Short descriptive text snippets
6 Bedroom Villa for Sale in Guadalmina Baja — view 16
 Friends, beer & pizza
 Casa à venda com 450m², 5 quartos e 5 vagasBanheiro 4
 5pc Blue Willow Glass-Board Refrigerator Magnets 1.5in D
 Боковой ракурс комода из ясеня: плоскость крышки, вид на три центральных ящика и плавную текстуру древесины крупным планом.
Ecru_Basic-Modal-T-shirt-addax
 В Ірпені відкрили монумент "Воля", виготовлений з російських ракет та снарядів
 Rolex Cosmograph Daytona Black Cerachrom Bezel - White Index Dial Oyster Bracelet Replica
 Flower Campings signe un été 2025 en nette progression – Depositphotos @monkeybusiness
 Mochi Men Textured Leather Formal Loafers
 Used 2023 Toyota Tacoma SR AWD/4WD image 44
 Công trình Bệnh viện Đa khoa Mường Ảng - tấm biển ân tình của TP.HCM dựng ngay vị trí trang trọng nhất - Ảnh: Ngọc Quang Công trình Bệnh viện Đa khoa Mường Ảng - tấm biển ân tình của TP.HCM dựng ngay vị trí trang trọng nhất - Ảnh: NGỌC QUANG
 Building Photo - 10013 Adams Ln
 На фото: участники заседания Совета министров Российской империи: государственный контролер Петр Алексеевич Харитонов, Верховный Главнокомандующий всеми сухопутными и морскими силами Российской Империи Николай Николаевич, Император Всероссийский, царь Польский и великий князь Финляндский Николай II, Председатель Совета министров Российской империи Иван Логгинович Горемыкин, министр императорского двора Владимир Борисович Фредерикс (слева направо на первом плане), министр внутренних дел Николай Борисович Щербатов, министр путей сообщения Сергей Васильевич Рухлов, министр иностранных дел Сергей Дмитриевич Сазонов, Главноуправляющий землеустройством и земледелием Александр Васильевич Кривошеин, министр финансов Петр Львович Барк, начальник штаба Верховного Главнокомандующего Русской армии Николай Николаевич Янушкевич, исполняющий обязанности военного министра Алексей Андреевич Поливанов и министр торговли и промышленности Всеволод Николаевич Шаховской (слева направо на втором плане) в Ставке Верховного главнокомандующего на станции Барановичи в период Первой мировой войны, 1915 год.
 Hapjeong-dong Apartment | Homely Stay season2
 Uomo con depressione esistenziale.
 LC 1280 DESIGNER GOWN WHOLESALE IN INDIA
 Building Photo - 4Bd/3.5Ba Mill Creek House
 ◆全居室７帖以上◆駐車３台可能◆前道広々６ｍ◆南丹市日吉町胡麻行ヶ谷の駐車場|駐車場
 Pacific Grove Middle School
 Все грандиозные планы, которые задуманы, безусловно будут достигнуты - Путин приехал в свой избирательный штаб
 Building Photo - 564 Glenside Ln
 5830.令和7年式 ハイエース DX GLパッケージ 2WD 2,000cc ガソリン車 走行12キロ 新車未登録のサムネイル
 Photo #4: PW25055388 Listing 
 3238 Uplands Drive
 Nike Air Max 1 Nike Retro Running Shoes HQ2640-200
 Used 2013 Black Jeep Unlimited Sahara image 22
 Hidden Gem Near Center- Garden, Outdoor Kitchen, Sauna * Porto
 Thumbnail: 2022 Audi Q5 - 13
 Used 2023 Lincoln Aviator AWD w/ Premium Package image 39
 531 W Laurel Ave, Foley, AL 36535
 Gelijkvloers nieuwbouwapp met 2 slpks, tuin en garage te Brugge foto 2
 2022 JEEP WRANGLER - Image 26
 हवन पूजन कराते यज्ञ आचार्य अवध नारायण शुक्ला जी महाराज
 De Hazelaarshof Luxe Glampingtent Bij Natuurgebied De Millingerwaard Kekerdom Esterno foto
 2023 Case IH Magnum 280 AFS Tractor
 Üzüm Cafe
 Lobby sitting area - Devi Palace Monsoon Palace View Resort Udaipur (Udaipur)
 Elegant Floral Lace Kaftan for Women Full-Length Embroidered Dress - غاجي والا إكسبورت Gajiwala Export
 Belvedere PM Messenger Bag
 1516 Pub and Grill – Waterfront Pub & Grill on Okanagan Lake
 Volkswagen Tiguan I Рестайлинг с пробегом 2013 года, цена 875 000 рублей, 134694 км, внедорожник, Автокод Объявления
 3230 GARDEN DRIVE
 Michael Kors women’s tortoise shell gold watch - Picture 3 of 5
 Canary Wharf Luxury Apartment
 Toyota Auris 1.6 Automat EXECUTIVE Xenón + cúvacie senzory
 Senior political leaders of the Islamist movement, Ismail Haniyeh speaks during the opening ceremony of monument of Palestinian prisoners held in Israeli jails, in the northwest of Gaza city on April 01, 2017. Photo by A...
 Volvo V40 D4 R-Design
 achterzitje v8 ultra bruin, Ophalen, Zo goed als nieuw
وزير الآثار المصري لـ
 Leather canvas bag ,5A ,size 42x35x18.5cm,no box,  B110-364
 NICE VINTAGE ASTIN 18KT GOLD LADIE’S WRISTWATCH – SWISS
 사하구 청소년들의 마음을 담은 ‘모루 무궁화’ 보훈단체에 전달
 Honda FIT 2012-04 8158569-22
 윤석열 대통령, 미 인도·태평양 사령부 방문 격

*DIRECTIONS FOR THIS TASK*:
A word-for-word transcription of all the data is needed.

*THE ANSWER*:
6 Bedroom Villa for Sale in Guadalmina Baja — view 16
 Friends, beer & pizza
 Casa à venda com 450m², 5 quartos e 5 vagasBanheiro 4
 5pc Blue Willow Glass-Board Refrigerator Magnets 1.5in D
 Боковой ракурс комода из ясеня: плоскость крышки, вид на три центральных ящика и плавную текстуру древесины крупным планом.
Ecru_Basic-Modal-T-shirt-addax
 В Ірпені відкрили монумент "Воля", виготовлений з російських ракет та снарядів
 Rolex Cosmograph Daytona Black Cerachrom Bezel - White Index Dial Oyster Bracelet Replica
 Flower Campings signe un été 2025 en nette progression – Depositphotos @monkeybusiness
 Mochi Men Textured Leather Formal Loafers
 Used 2023 Toyota Tacoma SR AWD/4WD image 44
 Công trình Bệnh viện Đa khoa Mường Ảng - tấm biển ân tình của TP.HCM dựng ngay vị trí trang trọng nhất - Ảnh: Ngọc Quang Công trình Bệnh viện Đa khoa Mường Ảng - tấm biển ân tình của TP.HCM dựng ngay vị trí trang trọng nhất - Ảnh: NGỌC QUANG
 Building Photo - 10013 Adams Ln
 На фото: участники заседания Совета министров Российской империи: государственный контролер Петр Алексеевич Харитонов, Верховный Главнокомандующий всеми сухопутными и морскими силами Российской Империи Николай Николаевич, Император Всероссийский, царь Польский и великий князь Финляндский Николай II, Председатель Совета министров Российской империи Иван Логгинович Горемыкин, министр императорского двора Владимир Борисович Фредерикс (слева направо на первом плане), министр внутренних дел Николай Борисович Щербатов, министр путей сообщения Сергей Васильевич Рухлов, министр иностранных дел Сергей Дмитриевич Сазонов, Главноуправляющий землеустройством и земледелием Александр Васильевич Кривошеин, министр финансов Петр Львович Барк, начальник штаба Верховного Главнокомандующего Русской армии Николай Николаевич Янушкевич, исполняющий обязанности военного министра Алексей Андреевич Поливанов и министр торговли и промышленности Всеволод Николаевич Шаховской (слева направо на втором плане) в Ставке Верховного главнокомандующего на станции Барановичи в период Первой мировой войны, 1915 год.
 Hapjeong-dong Apartment | Homely Stay season2
 Uomo con depressione esistenziale.
 LC 1280 DESIGNER GOWN WHOLESALE IN INDIA
 Building Photo - 4Bd/3.5Ba Mill Creek House
 ◆全居室７帖以上◆駐車３台可能◆前道広々６ｍ◆南丹市日吉町胡麻行ヶ谷の駐車場|駐車場
 Pacific Grove Middle School
 Все грандиозные планы, которые задуманы, безусловно будут достигнуты - Путин приехал в свой избирательный штаб
 Building Photo - 564 Glenside Ln
 5830.令和7年式 ハイエース DX GLパッケージ 2WD 2,000cc ガソリン車 走行12キロ 新車未登録のサムネイル
 Photo #4: PW25055388 Listing 
 3238 Uplands Drive
 Nike Air Max 1 Nike Retro Running Shoes HQ2640-200
 Used 2013 Black Jeep Unlimited Sahara image 22
 Hidden Gem Near Center- Garden, Outdoor Kitchen, Sauna * Porto
 Thumbnail: 2022 Audi Q5 - 13
 Used 2023 Lincoln Aviator AWD w/ Premium Package image 39
 531 W Laurel Ave, Foley, AL 36535
 Gelijkvloers nieuwbouwapp met 2 slpks, tuin en garage te Brugge foto 2
 2022 JEEP WRANGLER - Image 26
 हवन पूजन कराते यज्ञ आचार्य अवध नारायण शुक्ला जी महाराज
 De Hazelaarshof Luxe Glampingtent Bij Natuurgebied De Millingerwaard Kekerdom Esterno foto
 2023 Case IH Magnum 280 AFS Tractor
 Üzüm Cafe
 Lobby sitting area - Devi Palace Monsoon Palace View Resort Udaipur (Udaipur)
 Elegant Floral Lace Kaftan for Women Full-Length Embroidered Dress - غاجي والا إكسبورت Gajiwala Export
 Belvedere PM Messenger Bag
 1516 Pub and Grill – Waterfront Pub & Grill on Okanagan Lake
 Volkswagen Tiguan I Рестайлинг с пробегом 2013 года, цена 875 000 рублей, 134694 км, внедорожник, Автокод Объявления
 3230 GARDEN DRIVE
 Michael Kors women’s tortoise shell gold watch - Picture 3 of 5
 Canary Wharf Luxury Apartment
 Toyota Auris 1.6 Automat EXECUTIVE Xenón + cúvacie senzory
 Senior political leaders of the Islamist movement, Ismail Haniyeh speaks during the opening ceremony of monument of Palestinian prisoners held in Israeli jails, in the northwest of Gaza city on April 01, 2017. Photo by A...
 Volvo V40 D4 R-Design
 achterzitje v8 ultra bruin, Ophalen, Zo goed als nieuw
وزير الآثار المصري لـ
 Leather canvas bag ,5A ,size 42x35x18.5cm,no box,  B110-364
 NICE VINTAGE ASTIN 18KT GOLD LADIE’S WRISTWATCH – SWISS
 사하구 청소년들의 마음을 담은 ‘모루 무궁화’ 보훈단체에 전달
 Honda FIT 2012-04 8158569-22
 윤석열 대통령, 미 인도·태평양 사령부 방문 격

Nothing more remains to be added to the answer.